Zum ersten Mal in Baden-Baden: Die Mut-Tour wirbt für einen offenen Umgang mit dem Thema Depression.

Mut-Tour macht Halt in Baden-Baden

Baden-Baden. Für einen offenen Umgang mit Depressionen setzen sich die Teilnehmer des Aktionsprogramms Mut-Tour ein. Auf Tandems, in Kajaks und beim Wandern bewegen sie sich durch ganz Deutschland. Drei Tandem –Teams machten bei der Durchreise Halt in Baden-Baden.

Auf das Thema Depression aufmerksam machen

Oberbürgermeisterin Margret Mergen begrüßte die Radler auf dem Augustaplatz. Mergen lobte das Engagement der Organisatoren und der Teilnehmer. Angesichts der steigenden Zahl psychischer Erkrankungen sei es wichtig auf das Thema Depression aufmerksam zu machen. „Sie senden eine wichtige Botschaft und geben Menschen Selbstbewusstsein“, so Mergen.
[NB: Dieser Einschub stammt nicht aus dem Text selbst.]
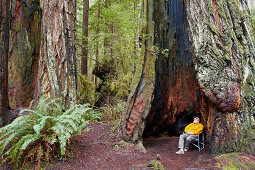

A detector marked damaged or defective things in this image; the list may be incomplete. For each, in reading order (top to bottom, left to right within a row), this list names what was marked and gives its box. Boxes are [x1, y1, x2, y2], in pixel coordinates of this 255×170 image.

burned hollow opening [141, 0, 203, 138] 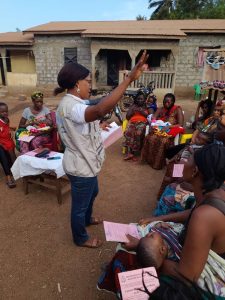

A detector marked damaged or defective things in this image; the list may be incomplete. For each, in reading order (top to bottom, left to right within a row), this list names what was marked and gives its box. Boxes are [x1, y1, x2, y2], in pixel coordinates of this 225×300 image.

Auch die städtische Behindertenbeauftragte, Beate Wirth, unterstrich die besondere Bedeutung der Tour: „Sie setzen ein wichtiges Zeichen. Keiner ist allein und niemand wird ausgegrenzt. Das ist gelebte Inklusion.“ Anschließend trafen weitere Mitfahrer ein, die die Gruppe bis zum nächsten Halt in Rastatt begleiteten. OB Mergen wünschte allen Fahrern eine unfallfreie Fahrt und eine weiterhin erfolgreiche Tour.

Hintergrund

Vom 16. Juni bis 2. September gibt es in 60 Orten Mitmach-, Mitlauf- und zwei Mitpaddel-Aktionen. Seit 2012 radelten bereits 134 depressionserfahrene und -unerfahrene Menschen in 52 Etappen 25.500 Kilometer durch Deutschland.

Der Aktionstag in Baden-Baden wurde vom Caritasverband Baden-Baden, der Interessensgemeinschaft der Angehörigen psychisch Kranker Baden-Baden, Rastatt und Umgebung, der Selbsthilfegruppe „Licht am Horizont“, der Median Klinik Gunzenbachhof Baden-Baden und den Verantwortlichen der Mut-Tour organisiert.